┏━━

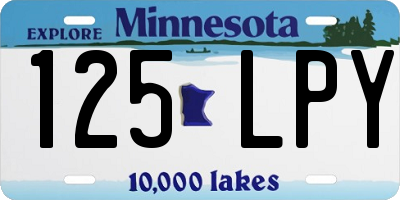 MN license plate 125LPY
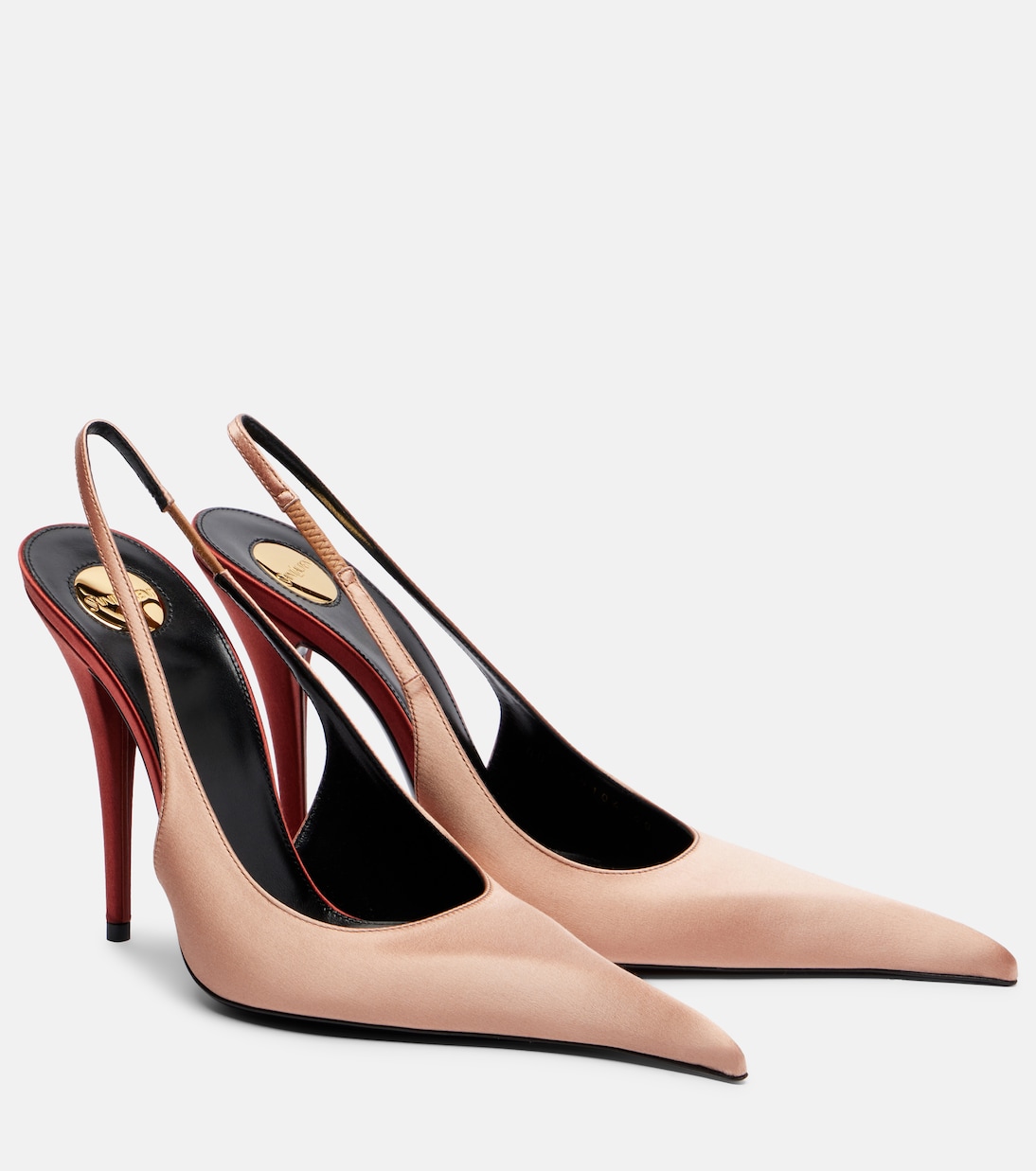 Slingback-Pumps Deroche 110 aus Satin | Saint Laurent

┗━━
┏━━

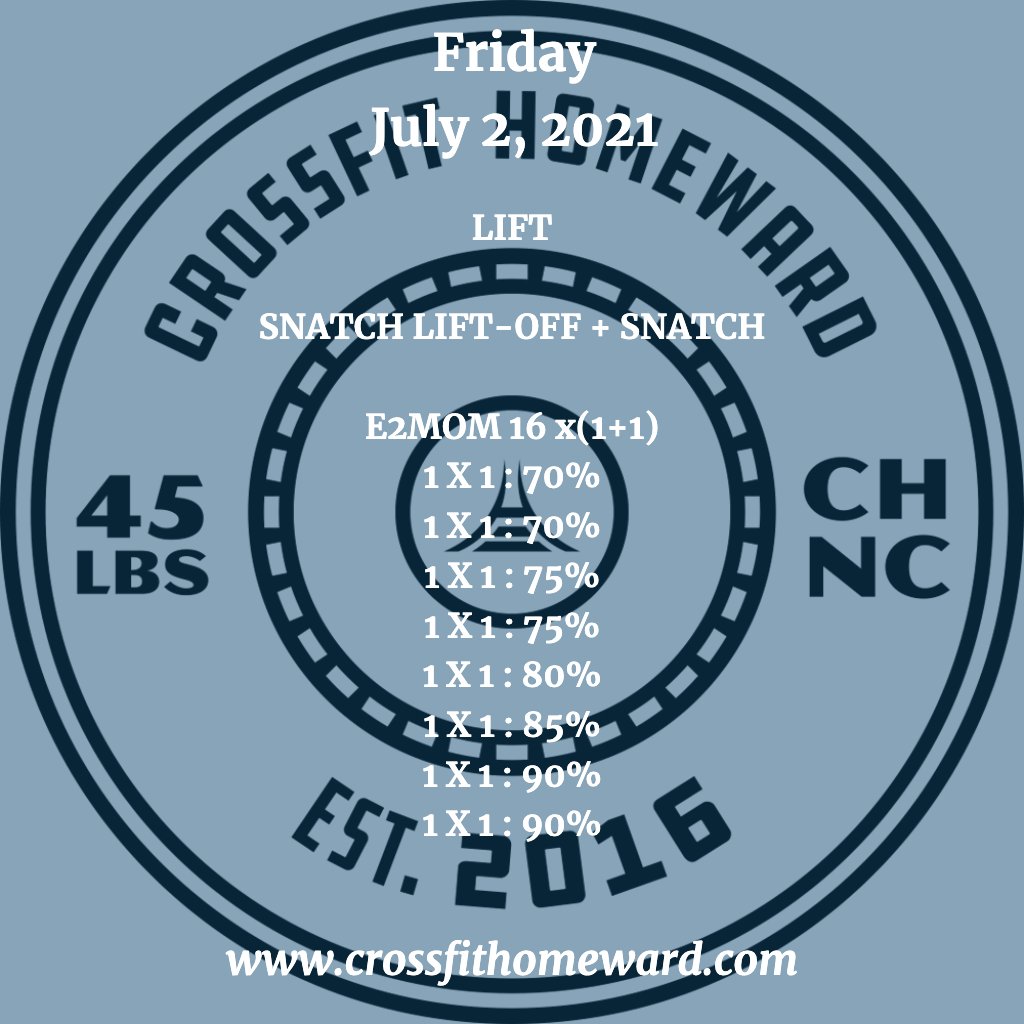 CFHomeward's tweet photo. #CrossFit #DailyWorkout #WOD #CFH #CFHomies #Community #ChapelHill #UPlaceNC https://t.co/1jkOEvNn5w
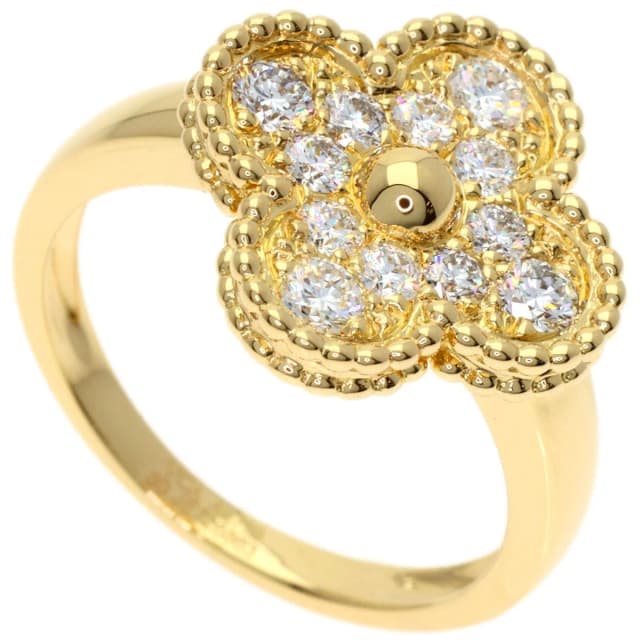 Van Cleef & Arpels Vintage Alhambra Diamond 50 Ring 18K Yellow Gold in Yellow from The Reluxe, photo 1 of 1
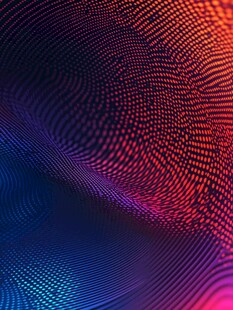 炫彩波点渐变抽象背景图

┗━━

How to complete this task:
Print, word for word, the lines above that run from the line containing "MN license plate 125LPY" to the line containing "Slingback-Pumps Deroche 110", both included. Keep the pictures out.

Output of the exercise:
 MN license plate 125LPY
 Slingback-Pumps Deroche 110 aus Satin | Saint Laurent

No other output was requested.